(PROBLEM TO SOLVE)
If pictures appear in the lines below, skip them and copy exactly the lines from the one containing "Hotel Thesdorfer Hof *" through the one containing "Building Photo - 270 Crestwood Cir", and nothing else.

(GIVEN ENTRIES)

..........

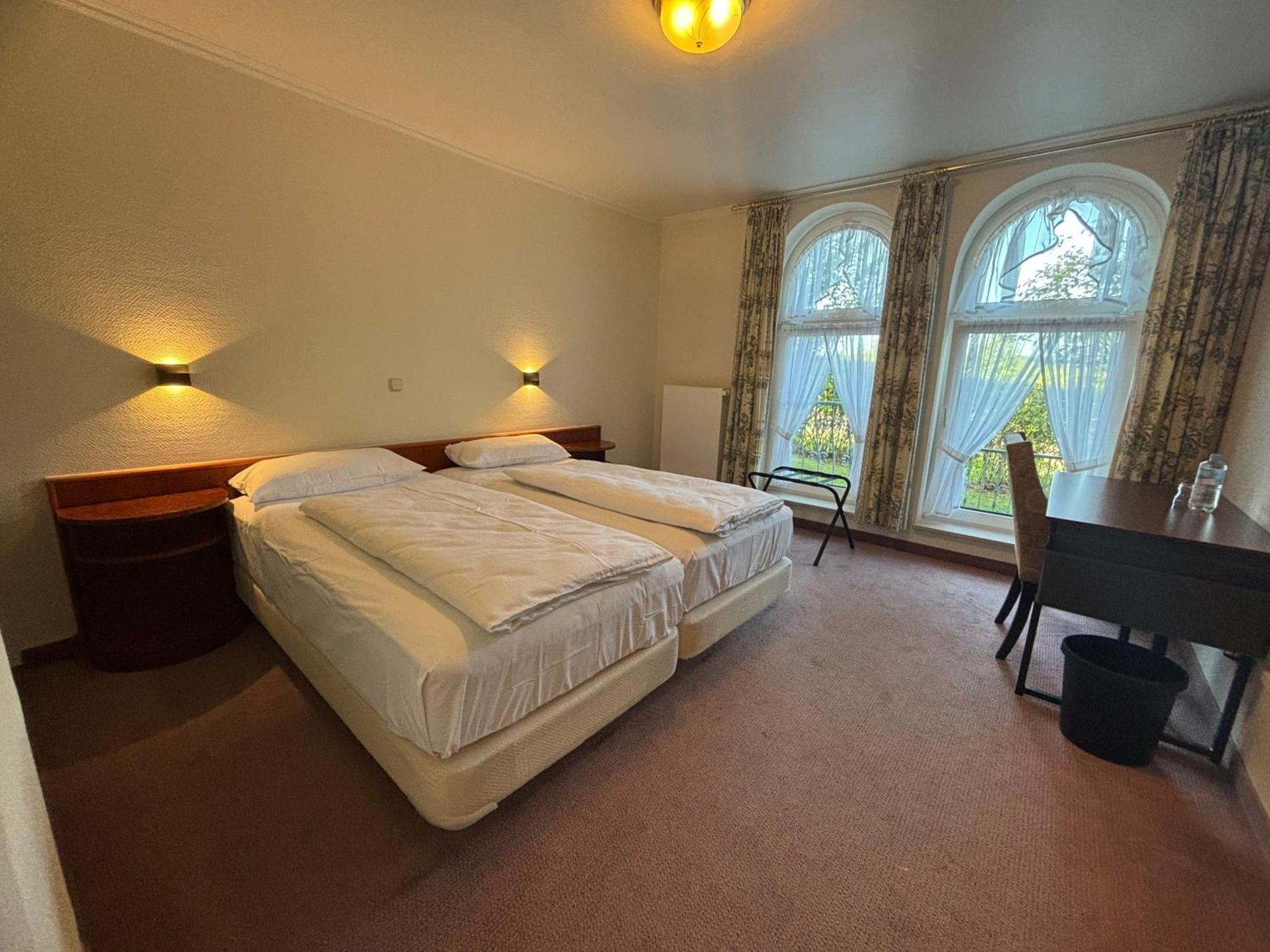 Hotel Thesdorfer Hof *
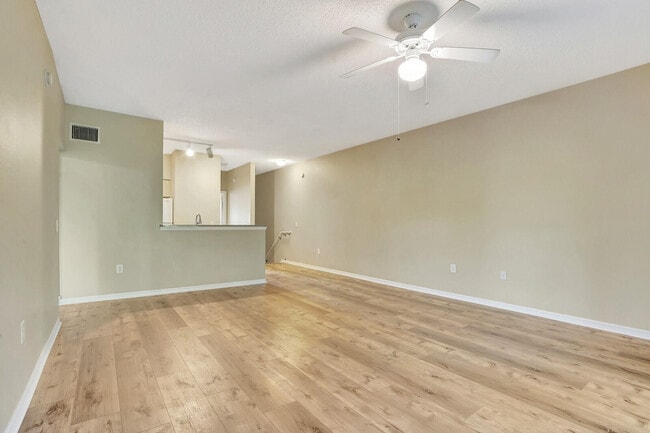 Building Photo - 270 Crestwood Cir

..........

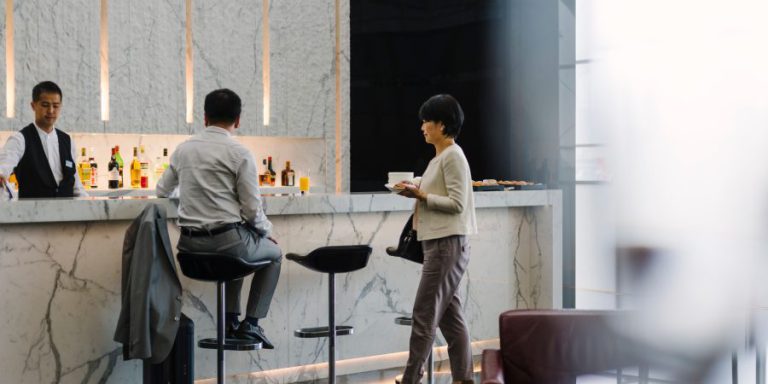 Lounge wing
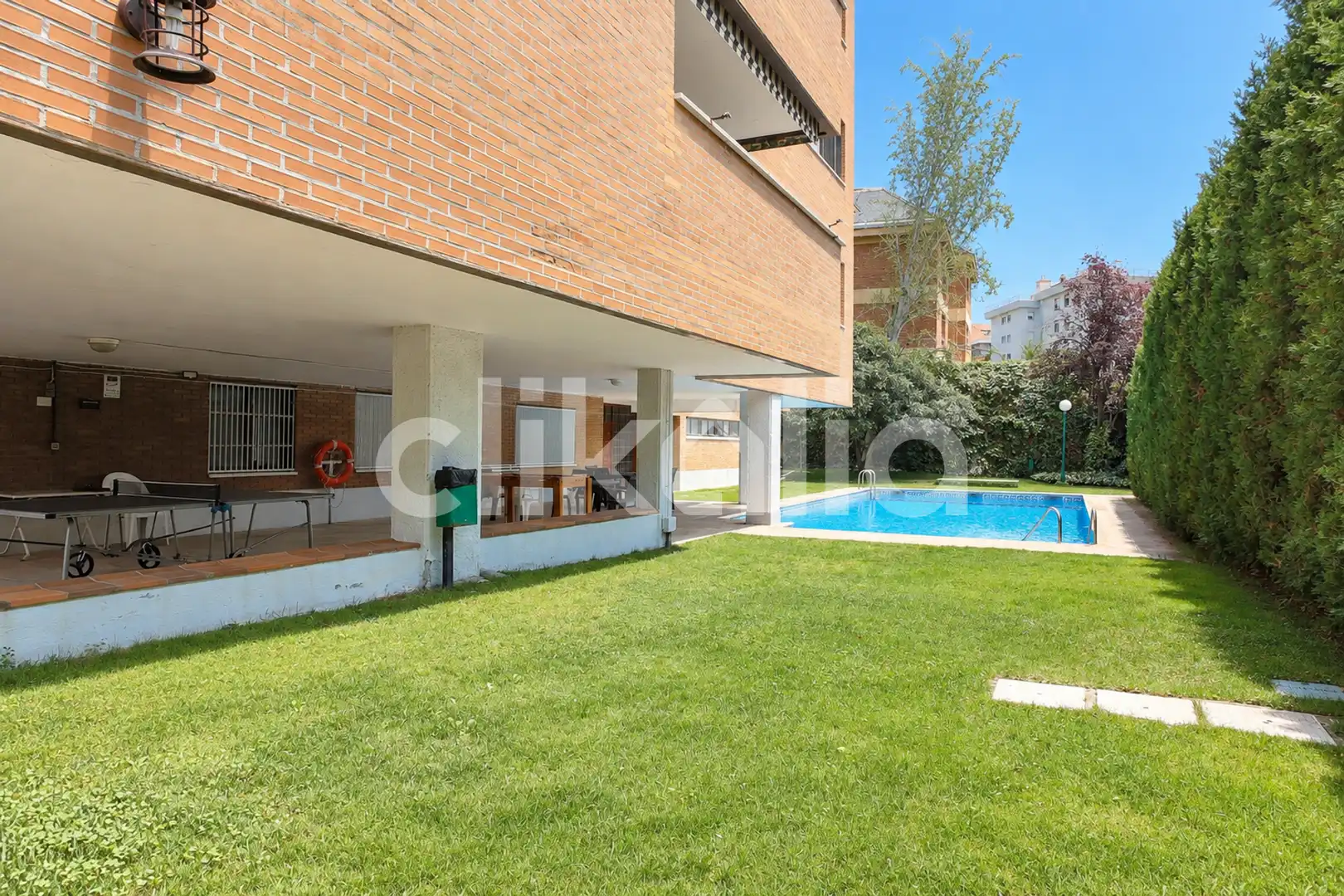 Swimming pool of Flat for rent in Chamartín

..........

(SOLUTION FOR THIS EXERCISE)
 Hotel Thesdorfer Hof *
 Building Photo - 270 Crestwood Cir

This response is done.